Many city dwellers have the idea that their front yard should be neat and well-manicured. This gardening misconception has translated into a series of square grassy plots upon square grassy plots. For this reason, when a front yard finally does deviate from the standard lawn, tree, walkway, shrub formula, it stands out and is usually appreciated for its unique traits. Furthermore, it is definitely a misconception that not much gardening can be done in a small space—there are a myriad of possibilities to transform a small front yard city space into stellar space on the block.
For a front yard in the city, tree selection is vital. Because of space constriction, there will likely only be room for one or two trees on the property with perhaps the possibility for one or two more on the public land beside the street. Gardeners will want to carefully choose a tree that will not detract from the overall landscape but also offer great year round interest. As a likely focal point, a tree presents a characteristic element of the space. Also, many ornamental trees can be messy so be sure you choose a tree that suits your maintenance style. Some popular choices include Japanese cherry trees, crape myrtles, Tatarian maple, thinleaf alder, water birch and Eastern redbud.
Of course, a planting a focal point tree is not essential especially if your block is already shady. If you have another focus in mind, it may be better to avoid the significant presence of a tree. In the confined area of a city space garden, you do not want too many features to compete. Rather, features and plantings should compliment each other and avoid the appearance of clutter.

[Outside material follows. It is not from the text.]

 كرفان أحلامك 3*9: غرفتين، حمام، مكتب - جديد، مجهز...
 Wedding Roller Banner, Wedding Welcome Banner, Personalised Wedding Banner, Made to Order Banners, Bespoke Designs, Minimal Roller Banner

For this reason, tree, arbor, fountain, trellis, bench, etc…may pose too many elements that detract from the overall harmony of garden balance.
Lawn, while nicely typical, need not be the default greenery for your front yard garden. Such small plots seem hardly worth the effort to lug out the mower. Consider an ornamental grass like lavender creeping phlox. The lovely blanket of purple appears each spring only to disappear leaving soft tufts of grassy growth in its place. When paired with a backdrop of lavender and a trellis of purple wisteria, your home will be a true showstopper simply because the color coordination is right on. A single color theme can make a city home stand out better than a more rustic selection of multiple colors.
Be sure to consider some hard space to compliment the growth. A formal walkway of colored slate might balance out the raised flowerbeds of herbs for instance. Or, a single circle of cobblestone might provide the focal point for a moss-covered boulder or statue. The use of stone or other hardscape materials can add to the definition of the gardening spaces. Edgings and planters add to the manicured appearance and form the bridge between garden and house.
If the idea of selecting a design for a small space seems, at first, daunting, consider basing your space loosely on a theme. This will help you narrow down selections and provide the cohesion for your updated space. Your city house needn’t boast a pagoda to showcase an elegant Japanese tea garden style or rock garden for instance. Similarly, a stone façade might lead one to opt for medieval elements like an herbal labyrinth in miniature for the front plots with focal point chalice well set as backdrop.
In any case, the essence of an urban garden tends toward sophistication. For this reason, pink flamingos and plastic pots seem less than desirable. Steer toward classic styles and materials like terracotta and stone. Keep larger elements like shrubs and trees at a minimum and, if possible, keep your flower palette to about three colors so that groupings will pop out against the backdrop of tall buildings.